Earlier this week we published new survey findings around IT frustrations with manual file transfer, with the vast majority of respondents equating the process with sitting in traffic. TechRadar Pro reporter Juan Martinez wrote a story about the findings, and I had the chance to catch up with him via email on a few questions he had.
Relatively new to the managed file transfer (MFT) space, Juan wanted to understand why file transfer can be so challenging for today’s organizations, and where the technology is headed. These are two great questions and are behind what’s driving file transfer today, and I thought the content of our email exchange would be interesting to anyone curious about the future of MFT.
So why is file transfer a challenge?
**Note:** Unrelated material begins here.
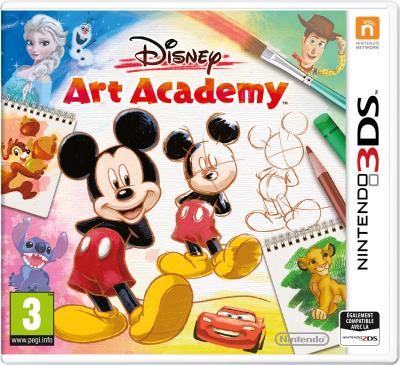 Disney Art Academy 3Ds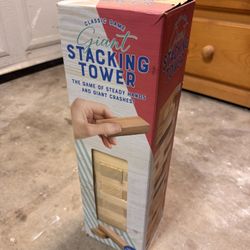 Wooden Jenga Block Game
For a lot of reasons – but mainly because it’s becoming increasingly complex, with end-user adoption of EFSS (enterprise-grade file sync & share) solutions that not only create data security issues, but also result in additional systems for IT to manage and support. And at the high-end, MFT can get absorbed into major IT undertakings that require an immense investment and consultative implementation— rather than an out of the box solution.
The challenge in getting managed file technology right is balancing the needs of collaborative file sharing vs. integrated file-based system to system integration. End users demand simple file sharing solutions that are quick to get started while IT demands compliance to corporate and regulatory security standards. It is easy to focus on one end of this while ignoring the other. Ipswitch understands that there are multiple scenarios of file transfer and that organizations today are looking to centralize and consolidate their file transfer systems into one, secure, ready to use solution. One major area to look into is complete visibility and control into file transfer processes— this is becoming increasingly important as compliance mandates proliferate and become more encompassing.
And so in our view MFT is clearly evolving, with the market is moving toward secure, manageable, and scalable systems at the core. But MFT is more than just file transfer. Ipswitch sees the need for tightly integrated transfer automation around the system core that allows IT to manage the exchange of any volume of transfers, while efficiently processing files to prepare them for the next step in a business process.
We understand that transfers happen in the context of B2B relationships, and we envision a system that wraps every exchange in metadata about the partners and workflows servers by exchange events. We imagine a system in which a broad range of end-user and system-to-system workflows can be accommodated, with clients’ tools that synchronize across partners, empower mobile workers, automate local and remote transfer processes, and intelligently control the flow of content between partners.
As I noted to Juan, Ipswitch has work going on today in all of these areas, and our customers should expect great things in the years to come.